I'm a 22 year-old college female who,until recently, had never given much thought to my sexual partner selection or partner count. Almost overnight I became self-aware of my sexual history and for the first time felt a heavy wave of shame for the way I've lived. At the same time I experienced a sudden desire to only have sex with men who are deeply committed to me. It feels as though it would be impossible for me to enjoy casual sex anymore. But now, when I think of my n-count, I feel disgusted. I'm 22 and I've slept with 14 men. Some were boyfriends, ONS, and a few FWB. With the exception of two of my boyfriends, I feel completely repulsed by the knowledge that these men have been inside me and known me in such an intimate way. I was also sexually abused by a member of my church when I was a child. Up until now, I've never felt ashamed of that either, but now I feel as though it diminished my value. I do not feel any guilt for what happened to me, but it makes me feel just as damaged as the casual encounters I had as a teenager.
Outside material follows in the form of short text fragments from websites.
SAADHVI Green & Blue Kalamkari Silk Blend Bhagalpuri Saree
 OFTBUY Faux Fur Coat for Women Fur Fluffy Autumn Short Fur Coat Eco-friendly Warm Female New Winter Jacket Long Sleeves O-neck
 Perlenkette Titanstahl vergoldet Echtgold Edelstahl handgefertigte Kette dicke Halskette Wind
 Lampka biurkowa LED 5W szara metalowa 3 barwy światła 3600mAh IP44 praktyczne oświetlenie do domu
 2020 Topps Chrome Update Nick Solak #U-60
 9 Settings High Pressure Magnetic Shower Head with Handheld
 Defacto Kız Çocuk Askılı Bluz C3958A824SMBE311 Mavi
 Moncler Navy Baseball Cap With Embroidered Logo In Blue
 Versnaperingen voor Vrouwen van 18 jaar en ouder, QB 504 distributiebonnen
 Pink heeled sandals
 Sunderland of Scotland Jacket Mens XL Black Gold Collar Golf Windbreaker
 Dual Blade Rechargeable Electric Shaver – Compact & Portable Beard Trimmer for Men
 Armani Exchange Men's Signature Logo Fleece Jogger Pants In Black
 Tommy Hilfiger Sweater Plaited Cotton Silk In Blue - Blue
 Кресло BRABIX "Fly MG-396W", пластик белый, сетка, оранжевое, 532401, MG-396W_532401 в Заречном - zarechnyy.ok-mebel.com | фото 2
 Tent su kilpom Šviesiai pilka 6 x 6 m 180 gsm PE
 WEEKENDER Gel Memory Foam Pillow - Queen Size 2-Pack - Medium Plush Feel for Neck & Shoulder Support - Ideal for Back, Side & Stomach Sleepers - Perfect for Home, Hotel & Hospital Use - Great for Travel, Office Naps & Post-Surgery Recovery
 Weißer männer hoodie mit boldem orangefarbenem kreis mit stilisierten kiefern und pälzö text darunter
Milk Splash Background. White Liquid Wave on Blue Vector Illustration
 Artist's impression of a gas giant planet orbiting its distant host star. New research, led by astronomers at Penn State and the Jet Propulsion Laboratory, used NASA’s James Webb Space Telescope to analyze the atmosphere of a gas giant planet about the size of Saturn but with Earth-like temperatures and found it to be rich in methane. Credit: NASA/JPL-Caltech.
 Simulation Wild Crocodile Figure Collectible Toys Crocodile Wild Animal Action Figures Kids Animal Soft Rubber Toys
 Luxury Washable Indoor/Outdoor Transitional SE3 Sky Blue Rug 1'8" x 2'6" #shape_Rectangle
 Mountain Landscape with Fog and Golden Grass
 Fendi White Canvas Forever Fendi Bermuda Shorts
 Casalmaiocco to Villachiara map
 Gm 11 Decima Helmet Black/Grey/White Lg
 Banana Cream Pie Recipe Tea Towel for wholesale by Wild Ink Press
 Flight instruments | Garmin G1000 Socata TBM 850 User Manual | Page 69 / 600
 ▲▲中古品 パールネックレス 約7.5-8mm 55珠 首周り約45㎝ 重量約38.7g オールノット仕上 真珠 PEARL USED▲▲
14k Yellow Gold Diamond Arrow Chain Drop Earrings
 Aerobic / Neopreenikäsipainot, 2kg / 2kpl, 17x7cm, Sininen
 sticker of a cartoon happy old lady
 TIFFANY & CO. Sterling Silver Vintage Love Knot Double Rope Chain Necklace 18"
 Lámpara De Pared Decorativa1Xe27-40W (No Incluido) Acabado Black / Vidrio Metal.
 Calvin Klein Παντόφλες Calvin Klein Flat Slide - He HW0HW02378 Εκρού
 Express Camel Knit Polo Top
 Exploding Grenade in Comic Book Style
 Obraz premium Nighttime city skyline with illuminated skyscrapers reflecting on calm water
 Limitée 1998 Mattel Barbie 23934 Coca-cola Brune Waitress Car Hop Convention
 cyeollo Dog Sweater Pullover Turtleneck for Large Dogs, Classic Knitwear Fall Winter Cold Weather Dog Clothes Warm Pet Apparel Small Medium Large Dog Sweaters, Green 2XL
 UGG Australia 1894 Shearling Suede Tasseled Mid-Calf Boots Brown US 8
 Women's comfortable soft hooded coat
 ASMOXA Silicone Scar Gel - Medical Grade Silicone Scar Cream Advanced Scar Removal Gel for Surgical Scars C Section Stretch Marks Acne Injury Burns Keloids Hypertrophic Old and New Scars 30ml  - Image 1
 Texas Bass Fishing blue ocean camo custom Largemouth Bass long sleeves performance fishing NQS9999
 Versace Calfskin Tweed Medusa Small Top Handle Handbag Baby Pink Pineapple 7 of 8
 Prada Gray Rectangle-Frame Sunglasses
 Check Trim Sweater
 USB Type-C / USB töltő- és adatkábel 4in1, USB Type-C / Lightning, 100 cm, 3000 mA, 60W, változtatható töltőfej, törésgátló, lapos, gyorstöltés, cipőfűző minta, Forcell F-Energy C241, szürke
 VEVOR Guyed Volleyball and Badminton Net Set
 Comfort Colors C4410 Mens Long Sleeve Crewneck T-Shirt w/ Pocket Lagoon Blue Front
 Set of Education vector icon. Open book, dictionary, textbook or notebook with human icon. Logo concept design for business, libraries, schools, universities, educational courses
I found RPW a few months ago. I was a feminist for many years, but it wasn't until I discovered this group that I met women who seemed to actually care about what makes women happy rather than procuring 'rights,' that may or may not have any value to us at all.

Moving forward, I'm concerned about how to cope with my choices and how attractive I will seem to a potential LTR partner. What's done is done, but I want to take all of the steps that I can to emerge from this chapter of my life as adjusted and well-equipped as possible.